Chocolate-Raspberry Frozen Yoghurt Cake


A new take on frozen yoghurt...make it into a cake. In my current bikini competition prep i'm absolutely loving all things frozen, not just because it cools me down in the sunny weather but also because they take a while to eat so I get to enjoy them for longer!

This frozen yoghurt cake is so simple to make & is super low fat & calorie. In fact you get a quarter of the whole cake (which is standard large cheesecake size) for less than 100 calories & 0.5 fat! With a decent 10g protein per serving too it's a pretty diet friendly snack - even if you're in contest prep!

The macros below are for the whole cake so to get the macros for your slice just divide the total by the number of portions you're having.

Servings: As many as you want to slice it into (cake needs 20mins out of freezer before slicing)

Macros (for the whole cake!): 372kcal / 40g protein / 50g carbs / 2g fat

Ingredients:

350g fat free Greek yoghurt (I used Total 0% by Fage)
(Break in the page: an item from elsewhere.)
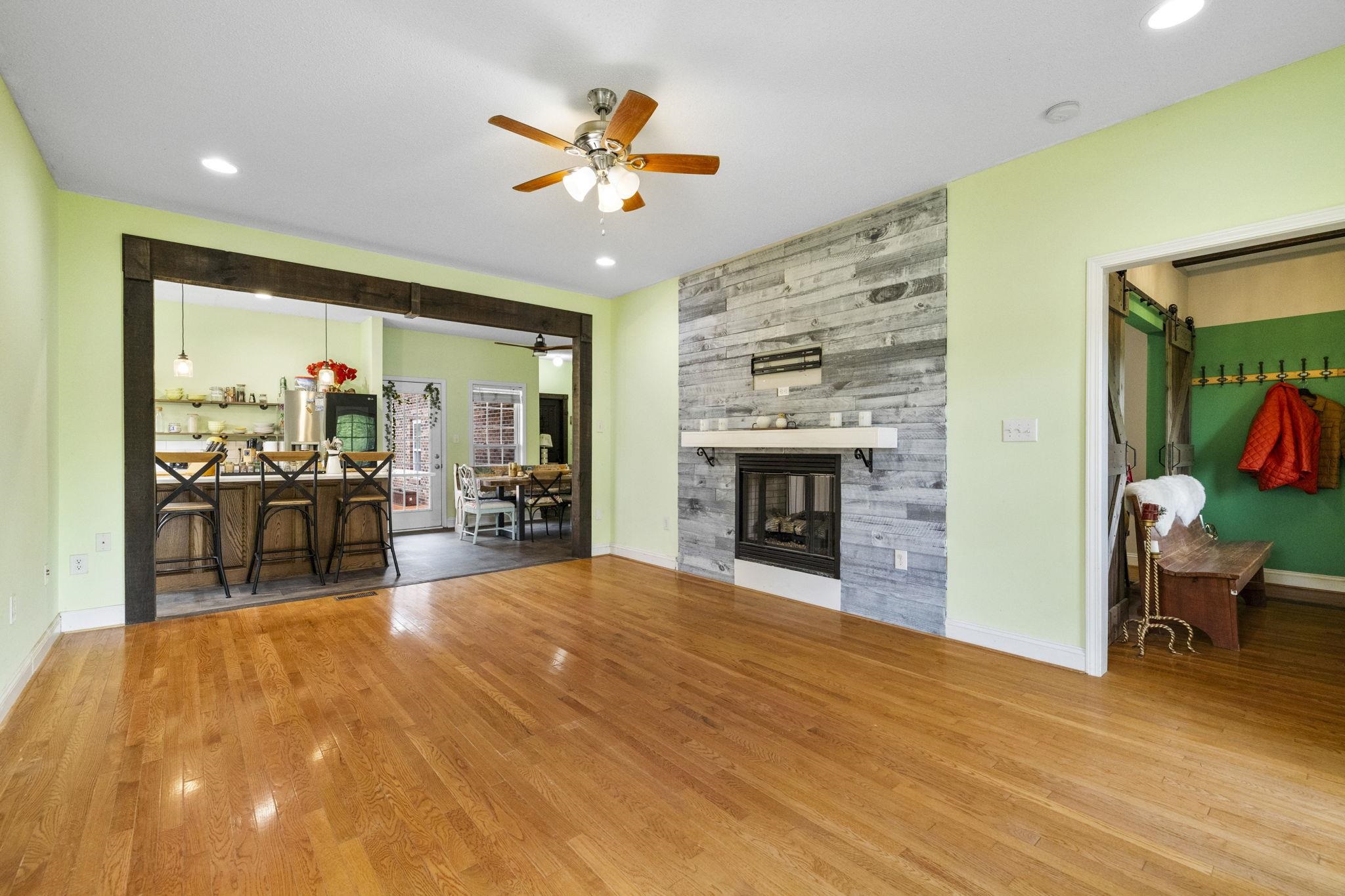 1847 Bertha Knight Road, Lancaster, South Carolina image 8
20g Nesquick Chocolate Milkshake Powder (Can substitute for Chocolate Protein powder if a higher protein content is needed)

85g Raspberries

25g Choc Shot (available in hot chocolate section of most supermarkets)

1 tsp gelatine powder

Instructions:

1. Mix together Nesquick powder, gelatine powder & greek yoghurt in a bowl.

2. Stir in raspberries.

3. Pour mix into a cheesecake tin.

4. Drizzle Choc Shot over top to decorate.

5. Place in freezer to set for at least 2 hours.

6. Remove from tin & allow cake to soften at room temperature for at least 20 mins.

7. Slice & serve with more Choc Shot or your favourite calorie free syrup to taste.